▶ [DATA]:
════

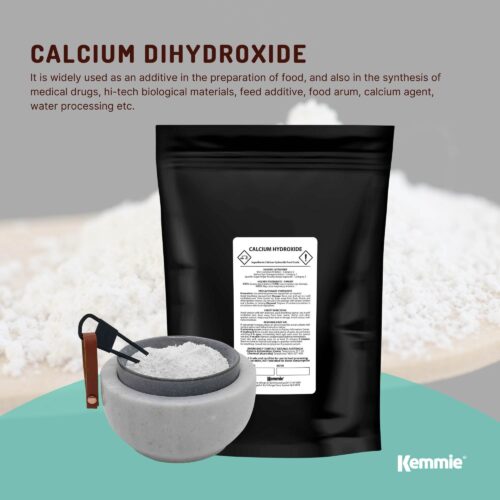 2Kg Food Grade Calcium Hydroxide Powder FCC Hydrated Slaked Pickling Lime - Image 4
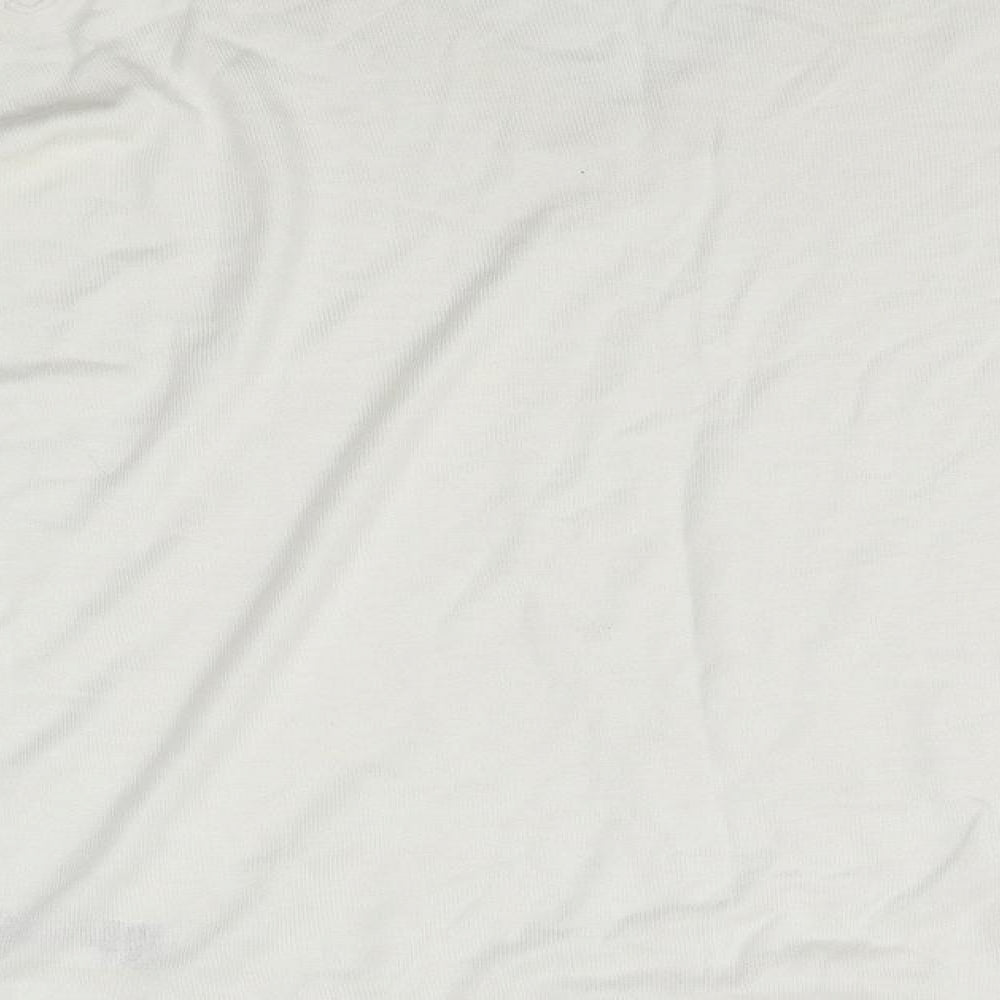 M&S Womens White Pullover Jumper Size S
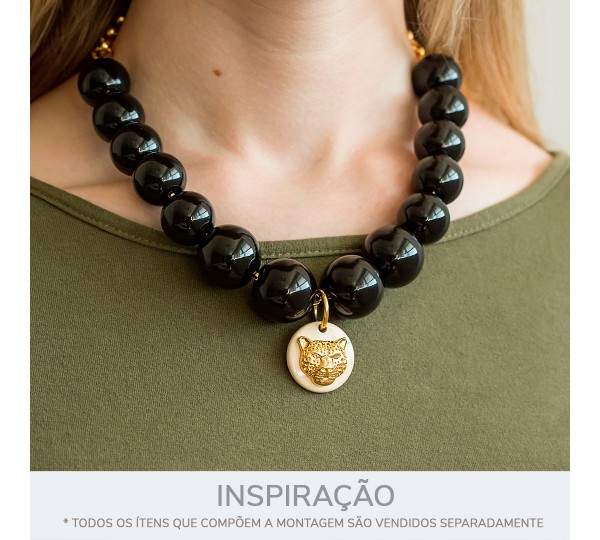 Alça para Bolsa em Acrílico Preto 302mm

════

Omit the pictures and repeat the rest of the listing verbatim.

▶ [TASK RESULT]:
 2Kg Food Grade Calcium Hydroxide Powder FCC Hydrated Slaked Pickling Lime - Image 4
 M&S Womens White Pullover Jumper Size S
 Alça para Bolsa em Acrílico Preto 302mm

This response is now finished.